We’re fortunate to have developed a dynamic team – it’s been crucial to our success. Connect with those that can get on board with your vision and mission.
- Be adaptable and persistent.
Things will not always work out exactly as you planned, and everything changes in time. Keep committed to your vision and focus on progress rather than perfection.
- Perfect is the enemy of done. Things need to be done quickly. Make sure things get done quickly as the to-do lists get longer and longer regardless of how many items you manage to tick off.
Paul Murray, COO idSafe and Wontok
Having the right team around you is critical when starting a business. You don’t have time or budget to waste, and you need people with the right skills and the right personalities to collaborate and work together. At the start, all roles are highly strategic, even your admin. Hiring the right or wrong fit for your business can make or break it: it’s important to invest in people who share the same goals, values, and vision.
“It may be that certain people are the right people at different times. Knowing when to let people go is critical: not everyone can travel all the way with you. As a business evolves, it needs different skills and approaches. But at every stage, you need the right talent for that moment in time while anticipating future needs.

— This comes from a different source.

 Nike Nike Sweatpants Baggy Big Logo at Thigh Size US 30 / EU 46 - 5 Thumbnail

Emma Lo Russo, CEO, Digivizer
Hindsight is an amazing thing that you can only apply moving forward. Key things I have learned that I wish I recognised earlier: first, focus on what drives the greatest long-term value for your company. For us it is our technology platform. It is not something that will develop without the full driving force and attention of the CEO, and the entire company understanding its vision, objectives and key success measures. It is too easy to be distracted by shorter-term opportunities.

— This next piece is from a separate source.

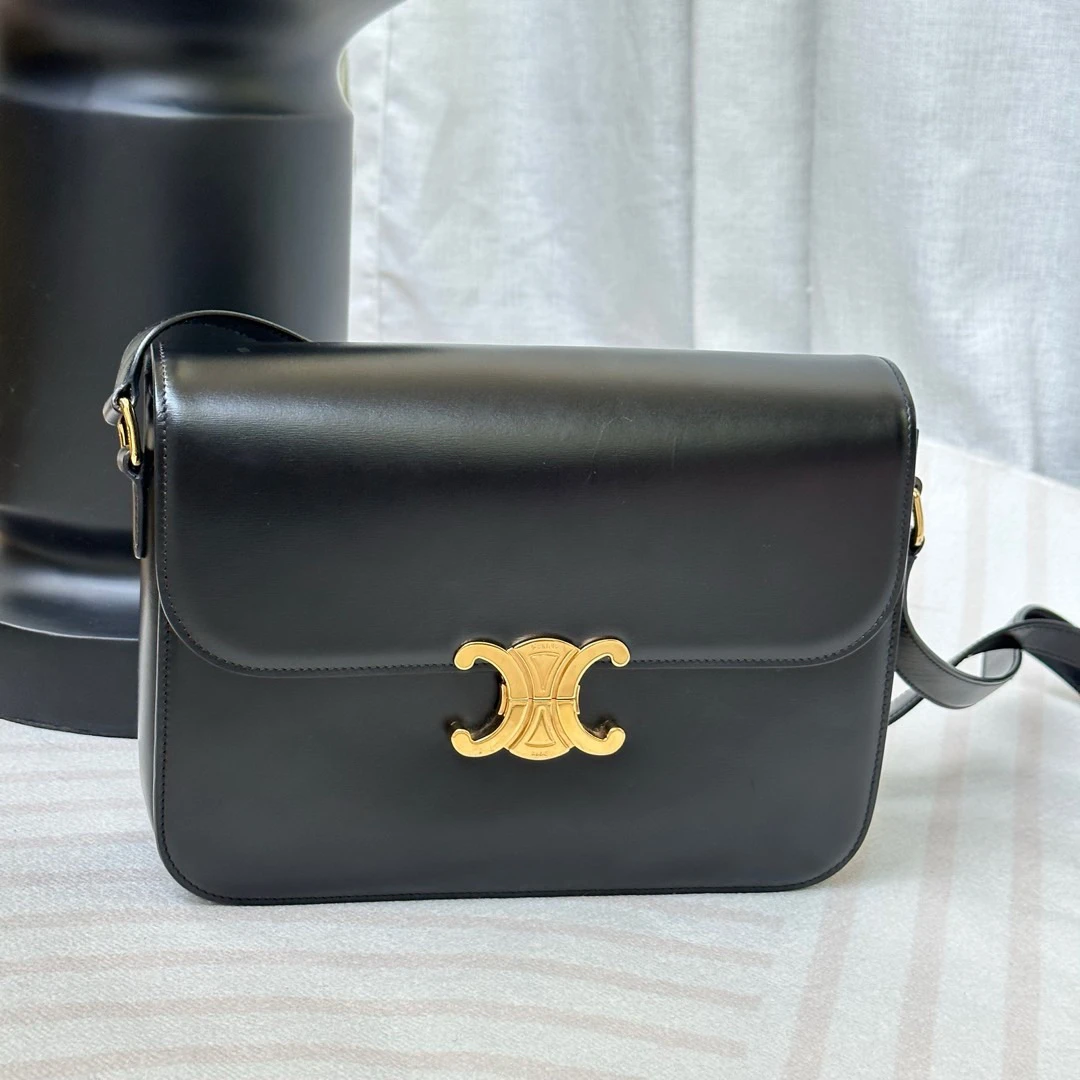 95新 Celine/思琳 Celine 黑金 牛皮 凯旋门大号/660343087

Second, invest in the best people you can hire who are critical to your long term success. When growing, you need different skills at different stages. So for non-critical projects and shorter-term focused work, consider employees on contracts to give you maximum flexibility and leverage. Moving fast becomes a key capability you need for your business.
Roby Sharon-Zipser, CEO and Co-Founder, hipages
We started hipages in a garage on just a $5,000 credit limit. We quickly learned that you don’t need a flashy office to start a business. When you have a great idea that serves a market need, it’s all about building on that and dedicating your capital to the product and service development. Once you’ve passed your early growth phases, and looking to employ team members beyond those with a stake in the company, that’s when you start considering workplace investments.

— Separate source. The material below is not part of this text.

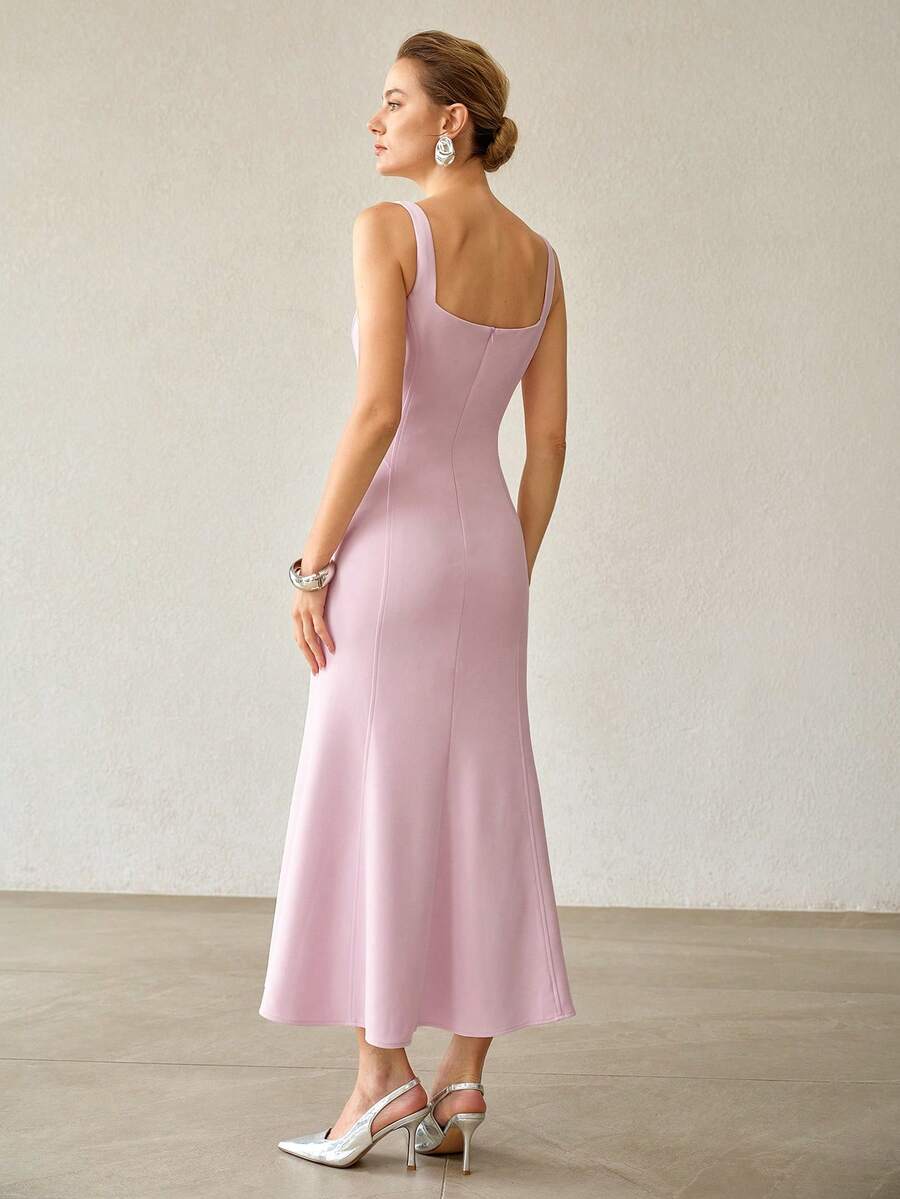Vestido Rosa Lavanda visto de costas com modelagem ajustada e saia fluida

Today we have a team of more than 250 talented, dedicated and passionate people. Over the past 15 years of hipages, I’ve learned how incredibly important it is to empower and listen to the ideas of all. Strong business ideas can come from anywhere, and it’s often those quieter team members who should in fact have the loudest voice. So make sure you give your team members the respect and spotlight they deserve, by regularly seeking their feedback on challenges or opportunities relevant to their expertise. Great companies are built by a collective of great people, after all.
I’d also say that when starting out, you want to constantly run at 100km/h. But I’ve learned how important it is to maintain control and slow it down. While you want the customer to have everything right away, you also can’t burn out your staff and it’s important they’re happy in their roles. You need equal commitment to the customer and the culture.